BEGIN

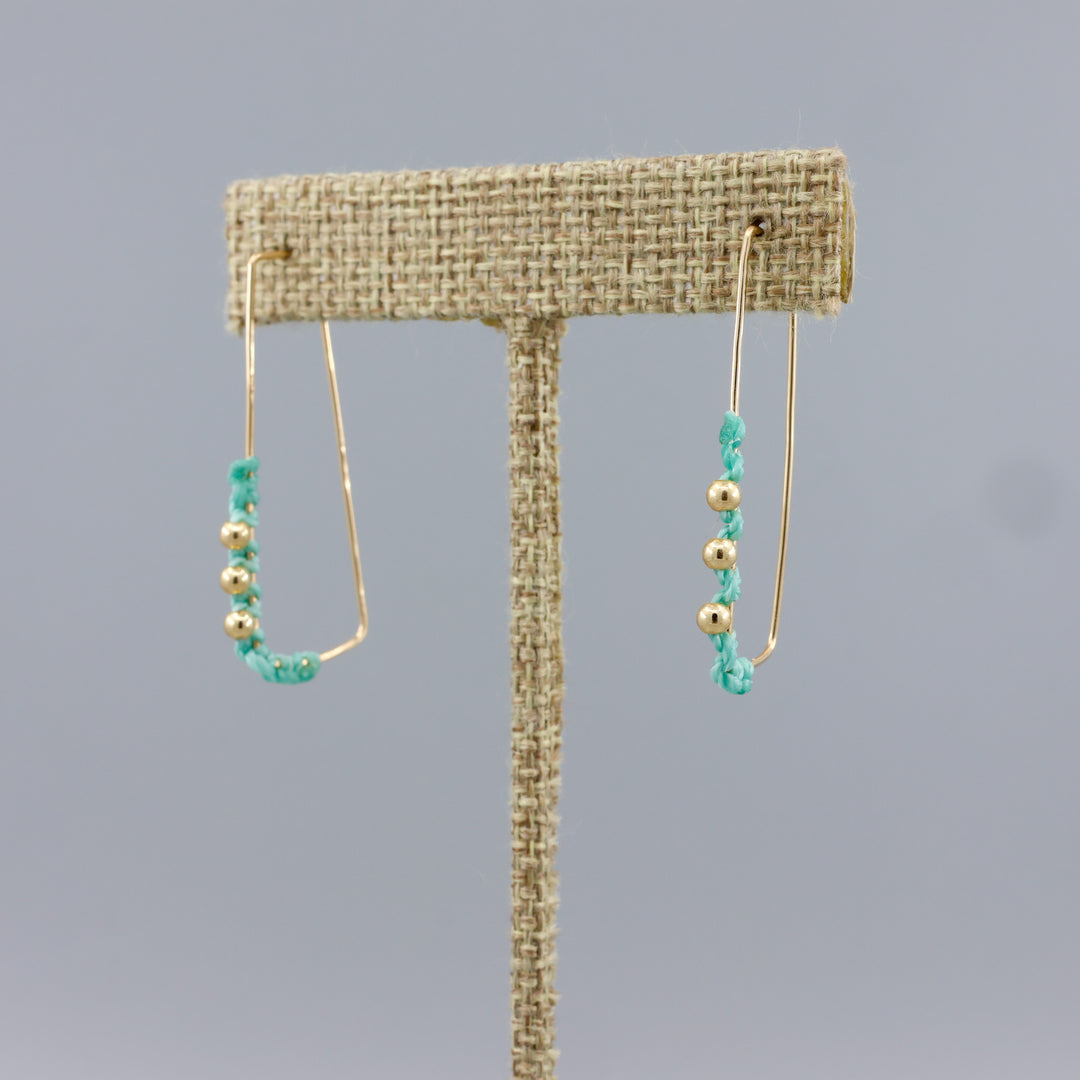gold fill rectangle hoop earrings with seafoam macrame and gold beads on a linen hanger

END
BEGIN

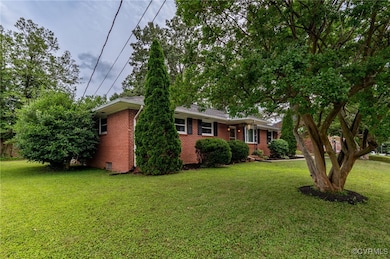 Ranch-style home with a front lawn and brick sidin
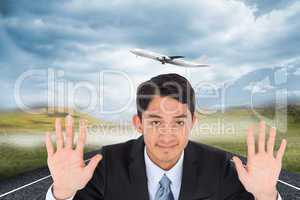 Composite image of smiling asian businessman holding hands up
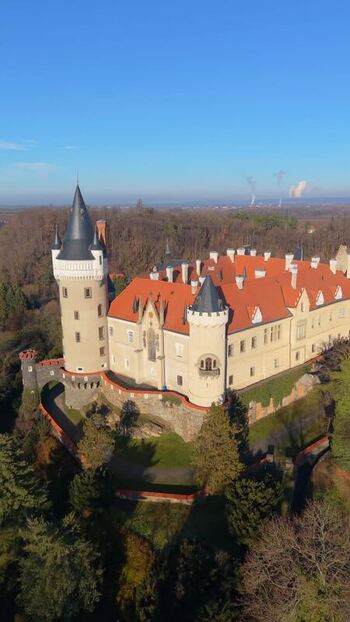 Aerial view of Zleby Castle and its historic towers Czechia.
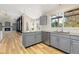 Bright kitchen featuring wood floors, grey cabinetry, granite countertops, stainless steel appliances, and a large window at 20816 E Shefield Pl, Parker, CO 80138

END
BEGIN

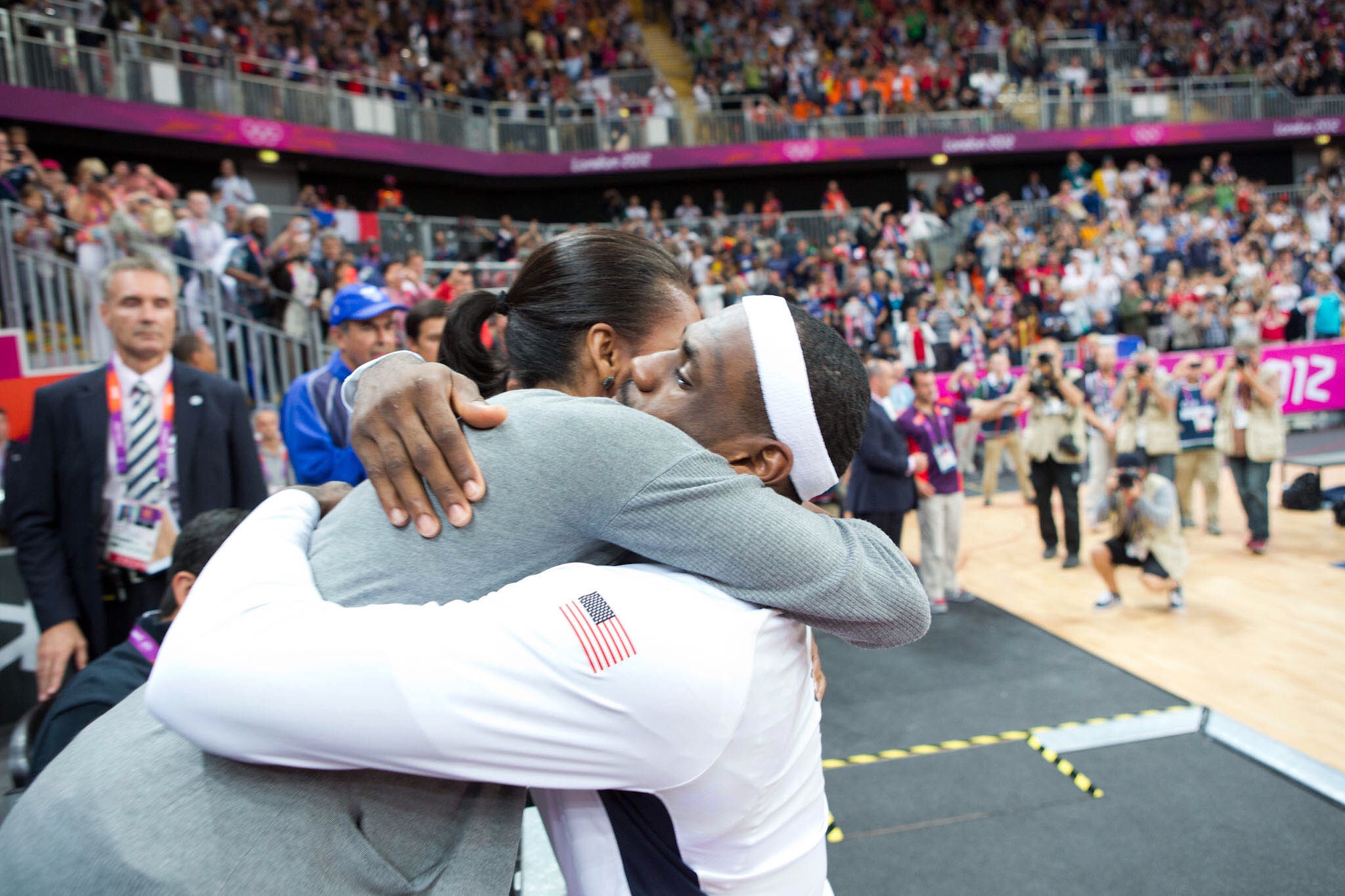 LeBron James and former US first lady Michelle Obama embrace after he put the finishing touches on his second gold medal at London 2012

END

**PROBLEM DESCRIPTION:** Make an exact copy of the lines above, beginning with the line with "Composite image of" and ending with the line with "Bright kitchen featuring", and keep the pictures out of it.

**WORKED SOLUTION:**
 Composite image of smiling asian businessman holding hands up
 Aerial view of Zleby Castle and its historic towers Czechia.
 Bright kitchen featuring wood floors, grey cabinetry, granite countertops, stainless steel appliances, and a large window at 20816 E Shefield Pl, Parker, CO 80138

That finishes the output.